On évoquera San Salvador (1962), Trinidad et Tobago (1971), le Venezuela (2005), le Mexique (2006 et 2009), Haïti (2010).

San Salvador, élection présidentielle, 30 avril 1962

En 1950, une nouvelle constitution est adoptée au San Salvador, le Parti révolutionnaire d’unification nationale (PRUD) est créé. Entre 1950 et 1960, les deux présidents militaires issus du PRUD qui se succèdent mènent une politique d’inspiration sociale-démocrate en créant une sécurité sociale, en industrialisant le pays et en construisant de grandes infrastructures routières et des barrages hydrauliques.

Le PRUD a les moyens de mener cette politique grâce aux prix élevés du café durant la décennie et à la nouvelle culture du coton. Lorsque le prix du café commence à baisser, le gouvernement du PRUD est fragilisé. L’opposition au PRUD rassemble des organisations étudiantes et des syndicats. Le gouvernement les qualifie de « communistes ». La gauche monte en puissance et, pour la première fois depuis 1932, un puissant parti communiste apparaît. La répression s’accroît.

Le PRUD est finalement renversé en 1960. En octobre, un coup d’État militaire est organisé par des officiers favorables à la révolution cubaine et qui s’opposent à l’évolution du régime. En janvier 1961, ils sont à leur tour renversés par d’autres militaires appuyés par les États-Unis qui créent une dictature.

La nouvelle Constitution promulguée en 1962 autorise le nouveau parti dominant, le Parti de la conciliation nationale (PCN), d’interdire le Parti communiste salvadorien et les autres mouvements de gauche. Le Salvador adhère alors à l’Alliance for Progress, un programme des USA d’aide au développement pour les pays d’Amérique latine qui luttent contre l’influence de Fidel Castro.
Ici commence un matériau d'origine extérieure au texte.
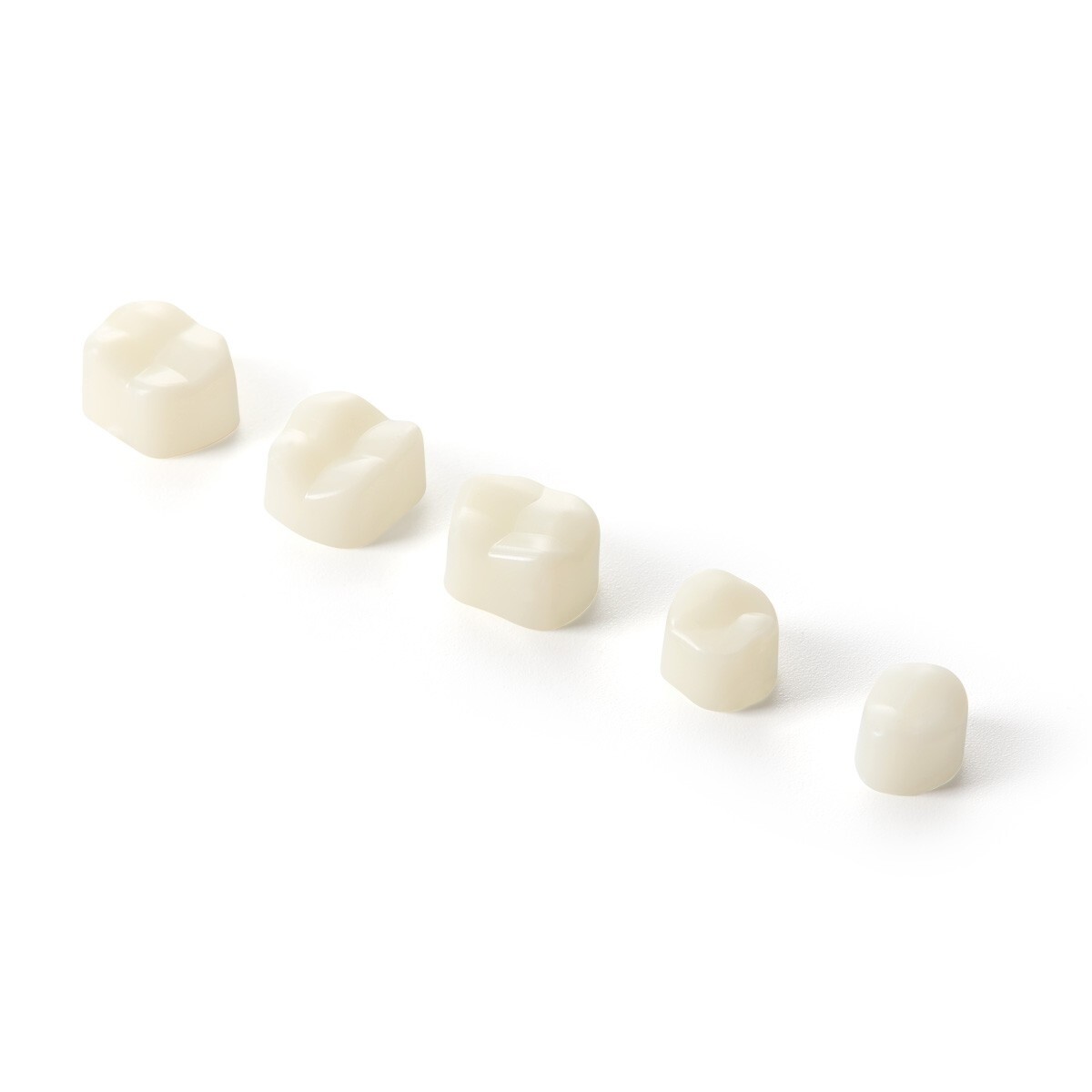 Temporary Resin Crowns Temporarily Repair Missing/Damaged Teeth Restoration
Ce programme permet de financer de grands projets d’infrastructures (routes, aéroport international, port, hôpital, etc.). Dans le même temps, et toujours avec l’appui des USA, des groupes paramilitaires dirigés par l’Organisation démocratique nationaliste (ORDEN – ordre en espagnol) sont créés pour lutter contre les mouvements de gauche.

Lors de l’élection présidentielle du 30 avril 1962, Julio Adalberto Rivera Carballo, du PNC, est le seul candidat, tous les autres ont refusé la mascarade et appelé au boycott. Il est élu sans opposition avec 368 801 voix, sur une population de plusieurs millions d’habitants. L’opposition a refusé de participer à l’élection au motif que l’élection législative de 1961 avait connu de nombreuses fraudes qui avaient permis au parti du président de gagner tous les sièges. En 1968, une modification de la loi électorale permettra à l’opposition d’accéder à l’Assemblée législative. C’est un résultat direct du boycott.
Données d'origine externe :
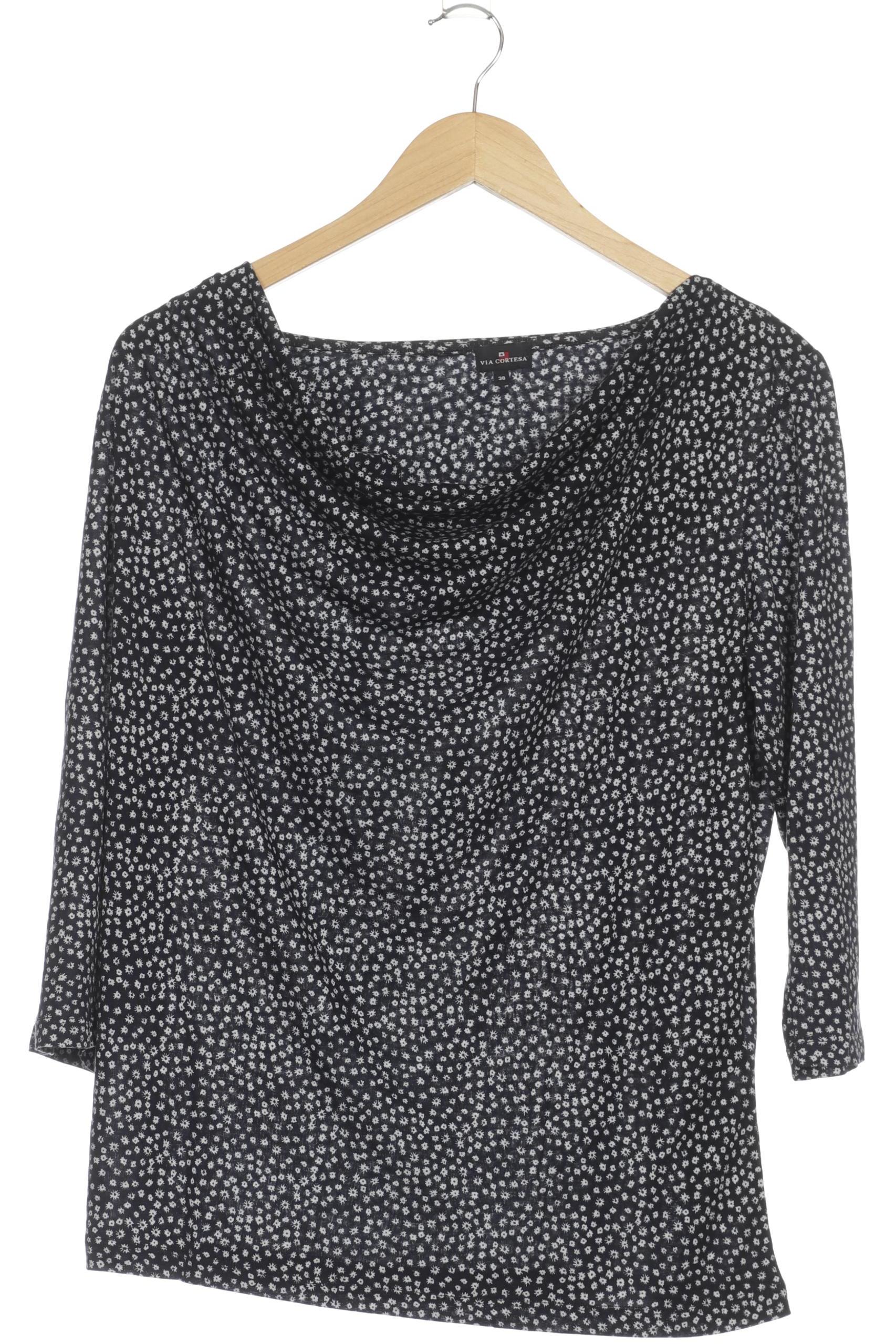 

Via Cortesa Damen Langarmshirt, blau, Gr. 38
Trinidad et Tobago, élections législatives, 24 mai 1971

Ces élections législatives ont été organisées à la suite de la dissolution du Parlement six mois avant le terme normal de la législature.

Le principal parti d’opposition, le Parti travailliste démocratique (ACDC-DLP), dirigé par Vernon Jamada, décide alors de boycotter les élections pour protester contre le refus des réformes électorales qu’il demande : abaissement de la majorité électorale à 18 ans, meilleure tenue des registres électoraux et remplacement des machines à voter par des urnes. Sur 449 775 électeurs inscrits, les suffrages valablement exprimés ne sont que 118 519. Par la suite, grâce au boycott, les conditions de déroulement des élections s’amélioreront.
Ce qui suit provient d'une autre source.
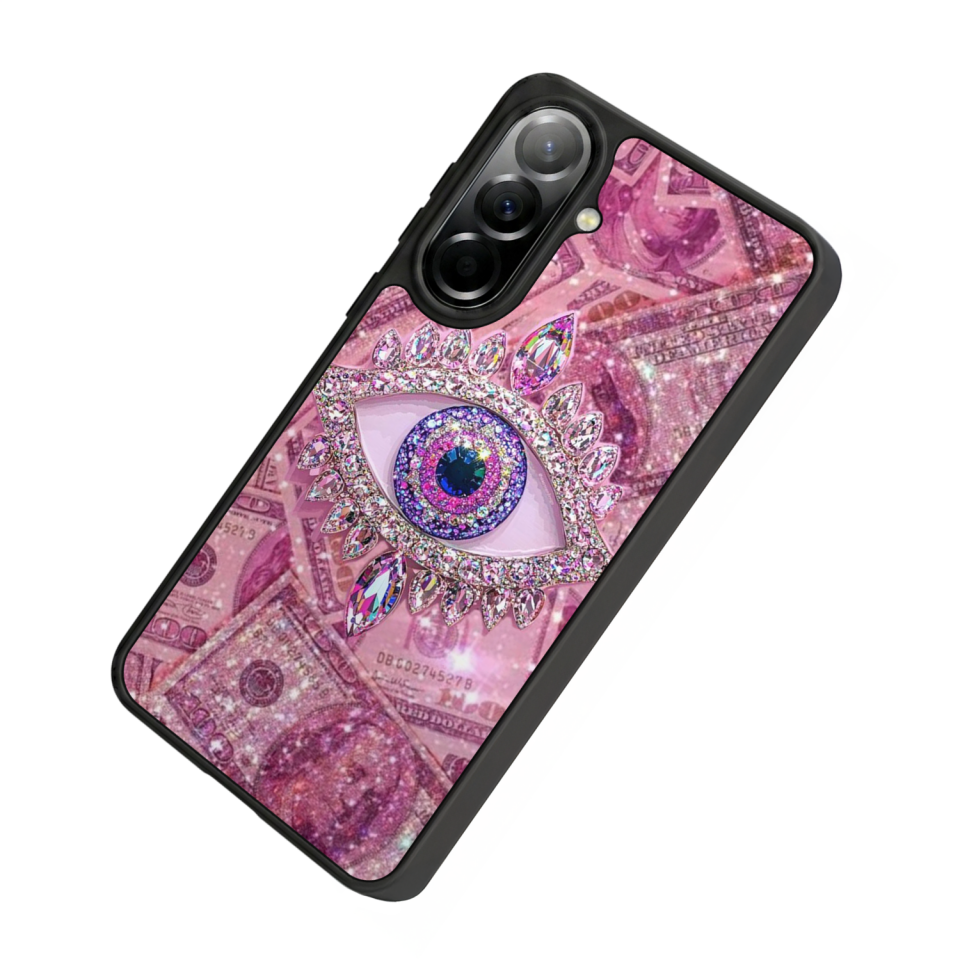 Samsung Galaxy A57 Uyumlu Göz Tasarımlı Glossy Premium Kılıf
Venezuela, élections législatives, 4 décembre 2005

Les scrutins tenus en 2004 (référendum et élections régionales) avaient démontré l’accroissement du soutien populaire au « processus révolutionnaire » incarné par le président de la République Hugo Chavez, et déclenché une nouvelle vague de revendications du mouvement populaire. Un débat national s’est alors ouvert sur la construction du « socialisme du XXIe siècle », dans lequel la gauche révolutionnaire défendait l’appropriation sociale des moyens de production et la neutralisation de l’appareil d’État, entre autres.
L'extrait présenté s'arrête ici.